> _EXERCISE PROMPT_
Wherever a line in the data below holds "Photo", copy that line.
======
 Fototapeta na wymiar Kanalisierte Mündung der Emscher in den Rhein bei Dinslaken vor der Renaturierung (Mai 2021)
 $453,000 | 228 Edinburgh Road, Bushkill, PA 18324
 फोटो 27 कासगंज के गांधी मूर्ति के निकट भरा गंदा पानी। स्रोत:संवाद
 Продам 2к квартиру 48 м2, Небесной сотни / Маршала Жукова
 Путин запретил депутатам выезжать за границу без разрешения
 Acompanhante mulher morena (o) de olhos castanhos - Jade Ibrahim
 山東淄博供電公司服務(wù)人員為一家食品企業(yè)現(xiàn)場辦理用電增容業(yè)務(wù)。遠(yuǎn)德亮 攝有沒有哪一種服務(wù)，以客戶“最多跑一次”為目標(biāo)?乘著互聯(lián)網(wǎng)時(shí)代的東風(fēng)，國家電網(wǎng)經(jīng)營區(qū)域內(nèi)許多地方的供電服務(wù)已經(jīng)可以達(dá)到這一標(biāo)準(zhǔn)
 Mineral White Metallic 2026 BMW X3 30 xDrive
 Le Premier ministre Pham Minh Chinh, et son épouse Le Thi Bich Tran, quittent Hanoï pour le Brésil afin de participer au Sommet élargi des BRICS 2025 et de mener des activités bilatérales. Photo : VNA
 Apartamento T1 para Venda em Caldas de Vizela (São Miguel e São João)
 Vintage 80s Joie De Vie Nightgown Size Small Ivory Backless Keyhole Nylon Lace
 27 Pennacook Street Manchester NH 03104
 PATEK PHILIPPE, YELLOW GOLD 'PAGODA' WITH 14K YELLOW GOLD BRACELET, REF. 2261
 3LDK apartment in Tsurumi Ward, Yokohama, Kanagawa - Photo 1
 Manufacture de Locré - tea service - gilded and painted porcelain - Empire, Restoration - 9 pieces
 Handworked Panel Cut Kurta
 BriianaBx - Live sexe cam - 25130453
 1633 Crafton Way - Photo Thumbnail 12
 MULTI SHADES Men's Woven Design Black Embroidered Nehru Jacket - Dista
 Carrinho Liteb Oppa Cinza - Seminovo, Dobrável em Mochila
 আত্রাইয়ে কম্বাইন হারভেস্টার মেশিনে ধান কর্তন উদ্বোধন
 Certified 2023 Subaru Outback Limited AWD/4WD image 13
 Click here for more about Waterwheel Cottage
======
> _ANSWER TO THIS TASK_
 Le Premier ministre Pham Minh Chinh, et son épouse Le Thi Bich Tran, quittent Hanoï pour le Brésil afin de participer au Sommet élargi des BRICS 2025 et de mener des activités bilatérales. Photo : VNA
 3LDK apartment in Tsurumi Ward, Yokohama, Kanagawa - Photo 1
 1633 Crafton Way - Photo Thumbnail 12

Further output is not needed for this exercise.